Alternativa B — ❌ Incorreta
Afirma que a imagem da objetiva deve se formar à esquerda do ponto focal F₁. F₁ é o foco da objetiva (lado do objeto). A imagem I₁ se forma à direita da objetiva (entre a objetiva e a ocular), nunca à esquerda de F₁. Essa posição corresponderia a um objeto virtual, o que não faz sentido no microscópio composto.
Alternativa C — ❌ Incorreta
Diz que a imagem deve se formar entre F₁ e a lente objetiva. Essa é a posição do objeto real em relação à objetiva (condição de lupa da objetiva), não da imagem I₁. A imagem formada pela objetiva é real e se forma além do foco F₂, do lado oposto ao objeto. Confundir a posição do objeto com a posição da imagem é o erro clássico.
Alternativa D — ❌ Incorreta
Afirma que a imagem deve se formar entre a lente objetiva e o ponto focal F₂. Essa região é onde se forma a imagem real de um objeto colocado entre F₁ e a objetiva — mas essa é a imagem intermediária I₁, que deve servir de objeto para a ocular. A questão pergunta onde essa imagem deve estar em relação à ocular, não em relação à objetiva. A resposta correta é entre F₃ e a ocular, não entre a objetiva e F₂.
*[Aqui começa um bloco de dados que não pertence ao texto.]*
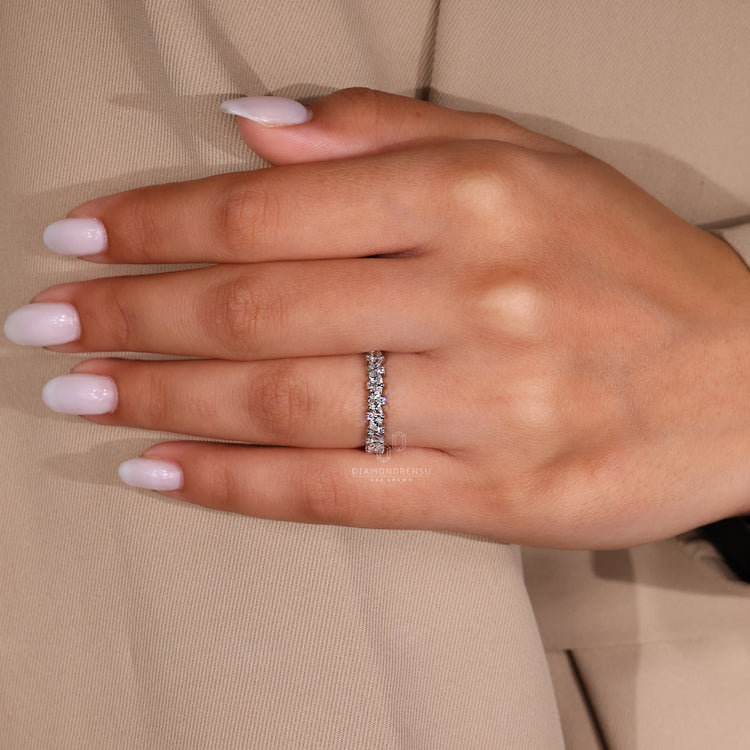 Lab diamond band with teardrop and round stones.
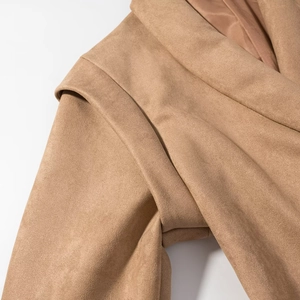 Macro shot of faux suede texture and tailored lapel on camel long sleeve jacket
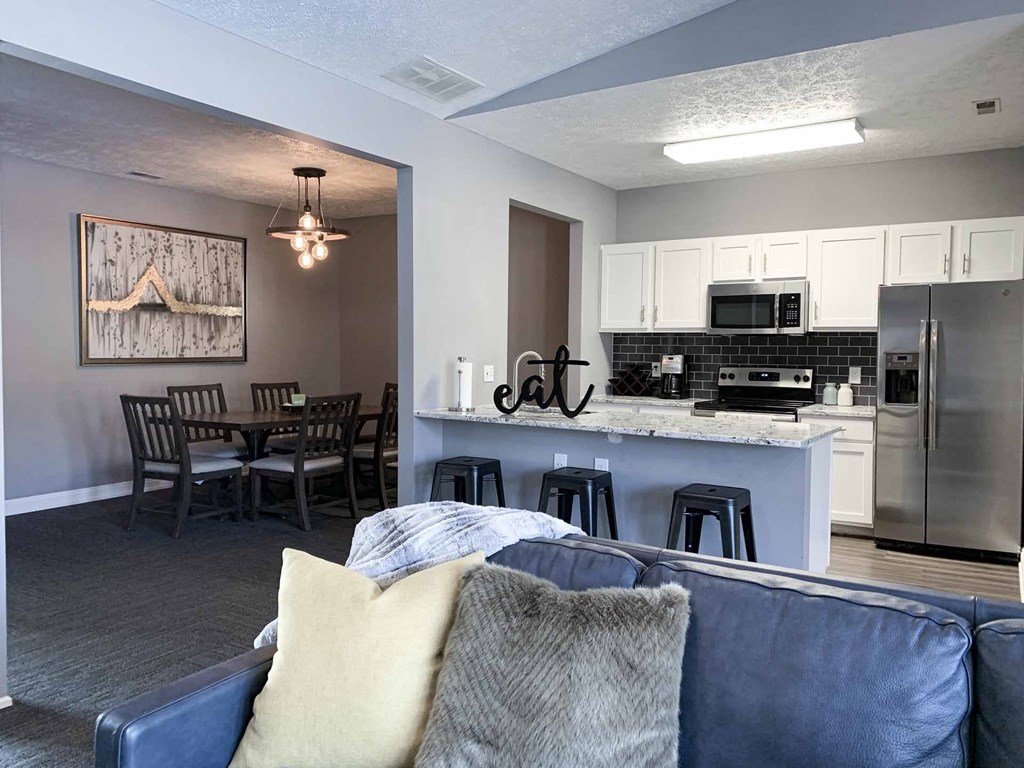 clubhouse lounge space and kitchen with a couch and a table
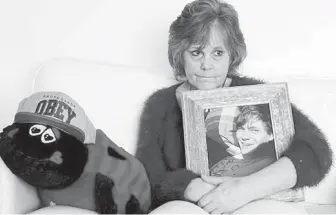  ?? VANCOUVER SUN ?? In a photo taken in March 2015, Marney Mutch holds a photo of her son, Rhett. The ladybug contains the ashes of her son, who was fatally shot by Victoria police in November 2014.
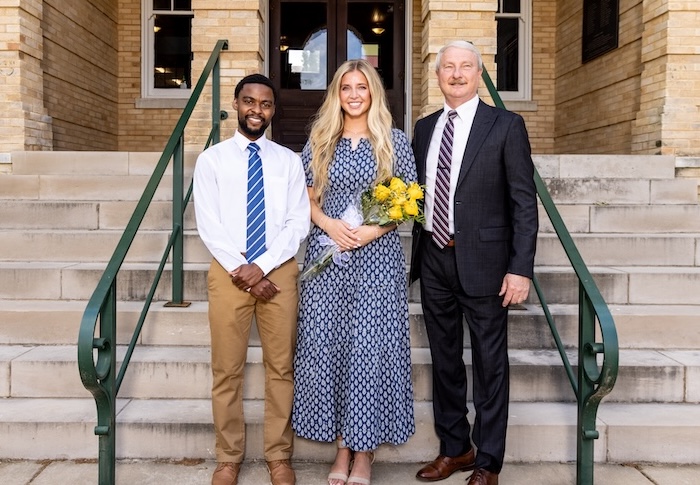 Mr. and Miss FHU stand with President Shannon on the steps of Old Main.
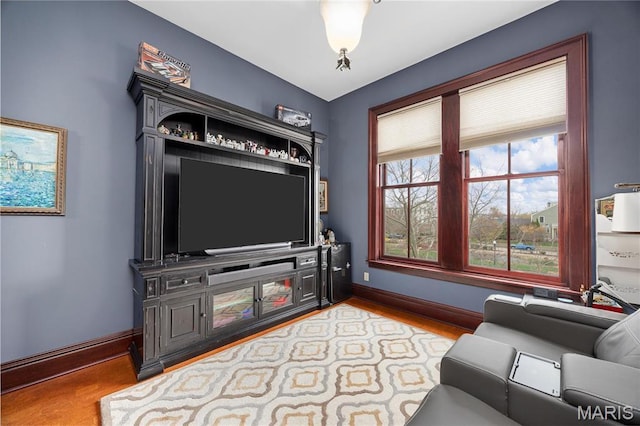 3520 Galt House Dr, Saint Charles, MO 63301 - living room featuring wood finished floors and baseboards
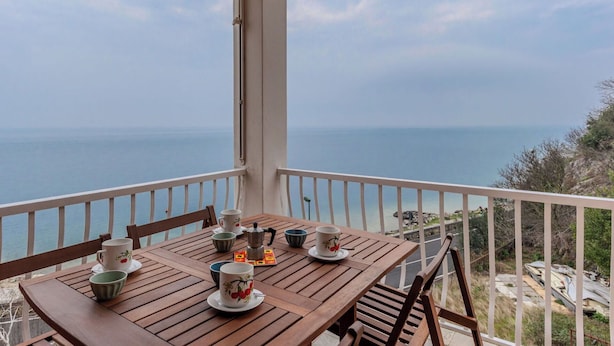 Ein Holztisch mit Tassen und einem Teekessel auf einem Balkon mit Blick aufs Meer.
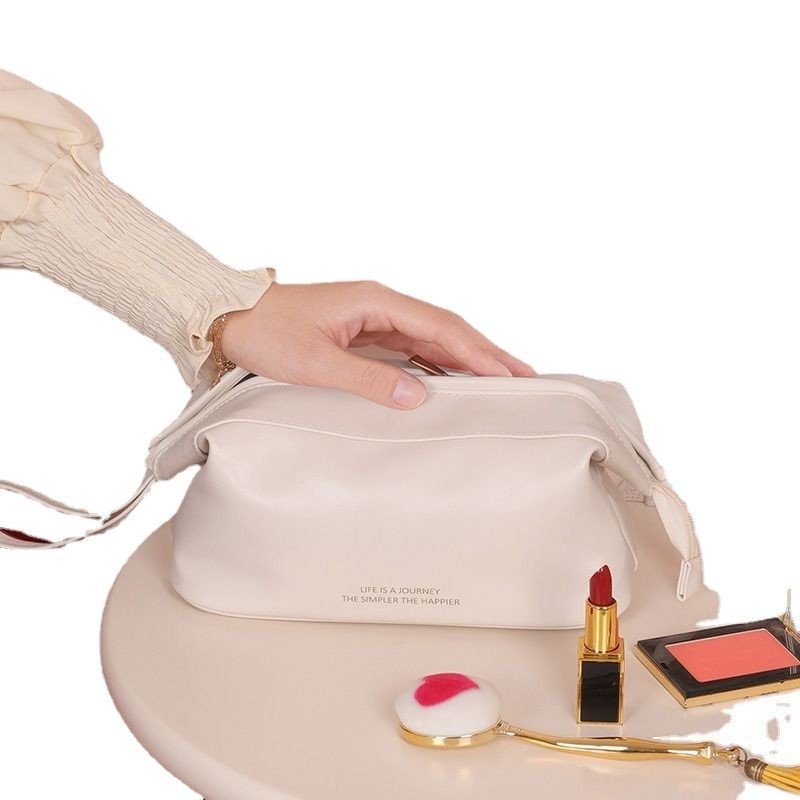 PU bolsa de cosméticos impermeable bolsa de lavado de nube de crema bolsa de cosméticos portátil de doble capa de gran capacidad y alto valor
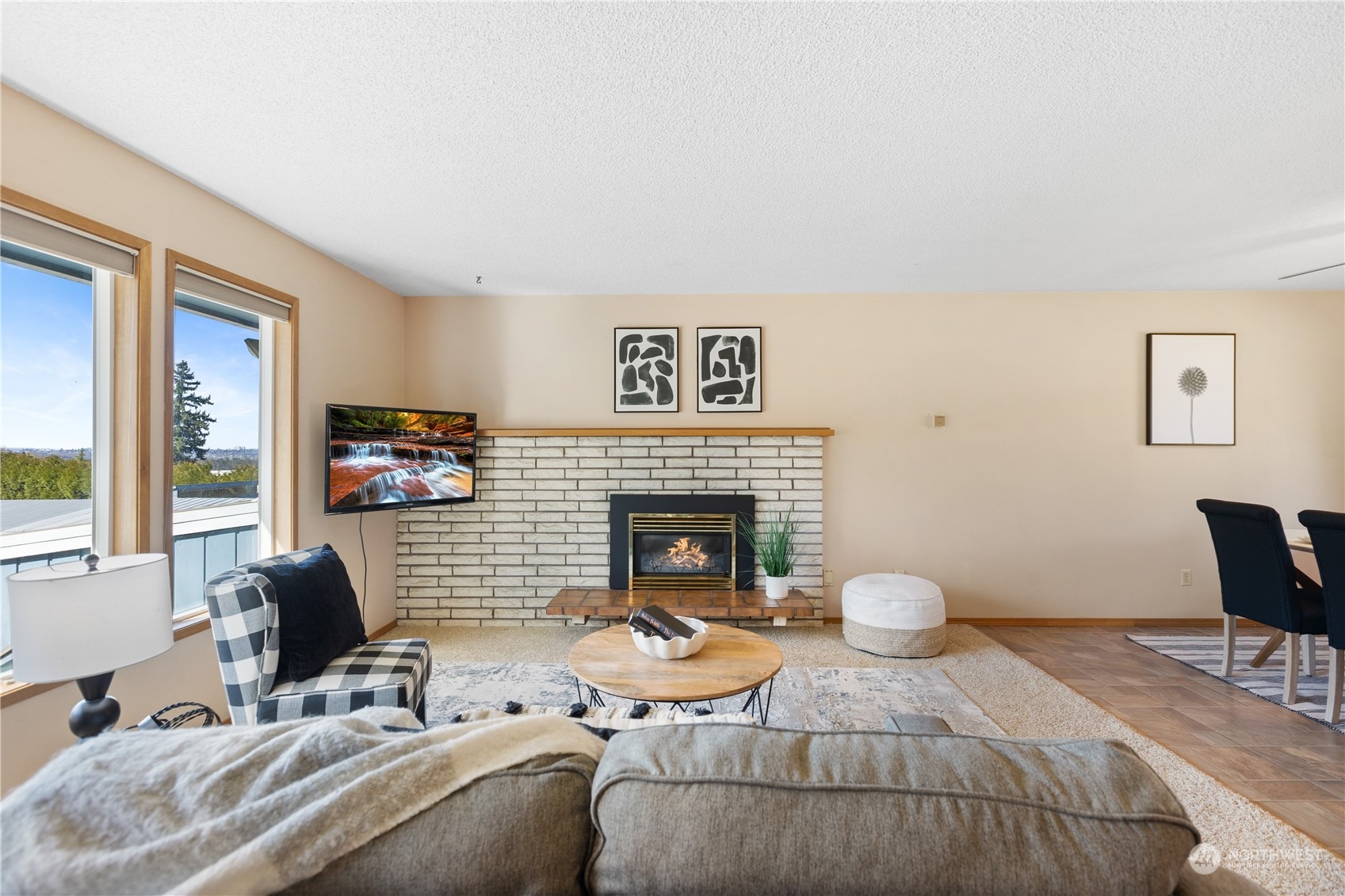 5102 Fobes Road Snohomish, WA 98290 - Photo 8 of 40 a living room with furniture a fireplace and a large window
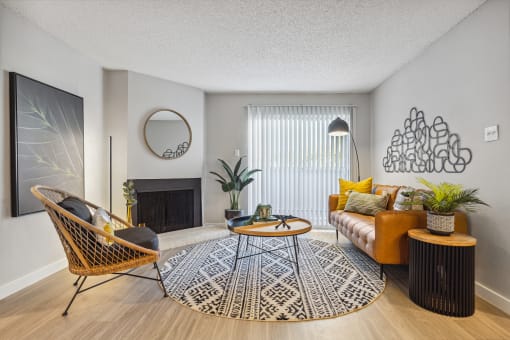 a living room with a brown couch and yellow pillows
Alternativa E — ❌ Incorreta
Diz que a imagem deve se formar entre os pontos focais F₂ e F₃. F₂ é o foco da objetiva (lado da ocular) e F₃ é o foco da ocular. A imagem I₁ se forma entre a objetiva e F₃, mas a condição para a ocular funcionar como lupa é que I₁ esteja entre F₃ e a ocular, não entre F₂ e F₃. Se I₁ estiver entre F₂ e F₃, ela pode estar antes do foco da ocular (dependendo da distância), mas a alternativa não especifica a posição correta em relação à ocular — e, na prática, a condição é mais restrita: entre F₃ e a lente ocular.
Gabarito: letra A — a imagem da objetiva deve se formar entre o ponto focal F₃ e a lente ocular, condição para a ocular atuar como lupa e produzir a imagem final virtual e ampliada.